DESCRIPTION OF THE TASK – Below are the records; extract from them the line containing "thumbnail image 5" to the line containing "Sigam SE031 Exhaust system SE031", both lines included, exactly and with no pictures.

SUPPLIED RECORDS –
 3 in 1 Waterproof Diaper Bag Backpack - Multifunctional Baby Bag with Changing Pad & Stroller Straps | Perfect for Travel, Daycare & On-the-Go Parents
---
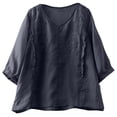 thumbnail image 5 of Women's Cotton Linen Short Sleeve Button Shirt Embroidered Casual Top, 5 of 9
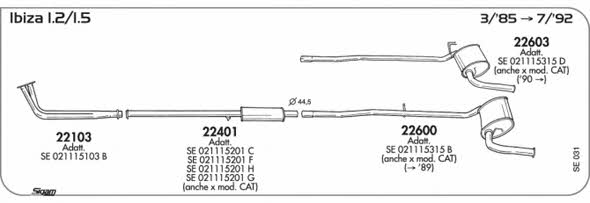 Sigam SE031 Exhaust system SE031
...
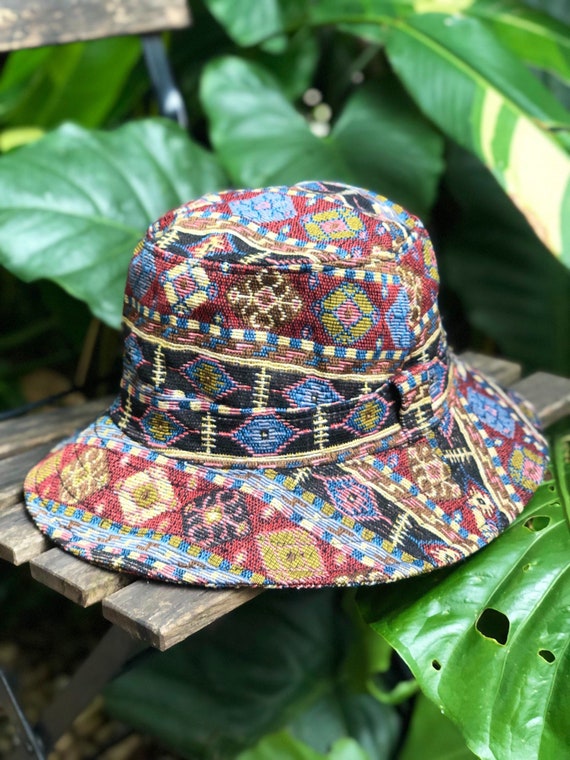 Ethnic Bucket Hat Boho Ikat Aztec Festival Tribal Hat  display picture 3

PROBLEM SOLUTION –
 thumbnail image 5 of Women's Cotton Linen Short Sleeve Button Shirt Embroidered Casual Top, 5 of 9
 Sigam SE031 Exhaust system SE031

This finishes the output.